日本は世界を救はなければならぬ

日本国体学会総裁・法学博士 里見岸雄

『神武天皇と八紘一宇』 (昭和十五年十月・日本国体学会)より抜粋

皇紀二千六百年の感激の中に追憶を新にしたる「八紘一宇」の皇謨は、今や電の如く日本国民の心を撃ち、油然として国体的自覚を喚起し来つた。遠く太古に遡れる日本国民は近く太新に潤歩せざるべからず、世界は悩み疼いてゐるのである。看よ、二十数億を算うる人類の世界は、わずかに五七億の白色民族豺狼の餌食として搾取支配せられ恨みは諍ひを生み、妄情は隔意を生じ、猜疑相酬し、侮慢相報じ、闇々として考究の苦海に沈み、反覆曷を測らざる頽乱の極に在るではないか。人類の世界は果たしてこれでよいのか。否、否、世界は全人類の世界であつてひとり白色民族の世界ではない。白を尊しと為し、黄黒を卑しとするが如き妄想邪謂は未だ人類の正義に識らざるに基く。二千六百年悠久の歴史を積んで、古今東西のあらゆる文化を統合統一し、国力を養つて世界の最高峰に登りたる神州日本帝国は、今や世界救済の天業を宇内に恢弘すべき時を迎へたのである。「八紘一宇」の霊想は全人類を同胞とし全世界を一家とする世界救済の大法であつて、皇国日本の国力は、まさに世界救済の聖力として発動されなければならぬ。果然!盧溝橋の銃声一発は千古の対戦支那事変を誘発し、遂に清国日本をして、聖戦の自覚と東亜新秩序建設の誓願とに住せしむるに到つた。これ日本国体の霊動だ、これ日本国体の霊発だ、今や世界は、はじめて絶対平和の曙を迎へたのである。

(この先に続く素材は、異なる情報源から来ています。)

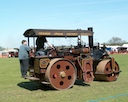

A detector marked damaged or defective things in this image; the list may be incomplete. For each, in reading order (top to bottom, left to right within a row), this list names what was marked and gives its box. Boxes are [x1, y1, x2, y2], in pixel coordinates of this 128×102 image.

rusty metal surface [45, 58, 76, 90]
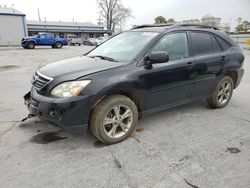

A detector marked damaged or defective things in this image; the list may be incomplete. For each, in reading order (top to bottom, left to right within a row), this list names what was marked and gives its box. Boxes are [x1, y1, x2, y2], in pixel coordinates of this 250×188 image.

damaged front bumper [23, 87, 94, 133]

日本は世界を救はねばならぬ、それが日本建国の目的である、世界を救はんが為めの故われらは先づ東亜に新秩序を建設せんとするのである。若しそれ日本国民にして、「八紘一宇」の実現を確信すること能はずこれを一種の空想とする者あらば、开は啻に神武天皇の宏謨を蔑し奉るのみならず日本国体を冒涜し且は己れを卑小にする者にほかならぬ。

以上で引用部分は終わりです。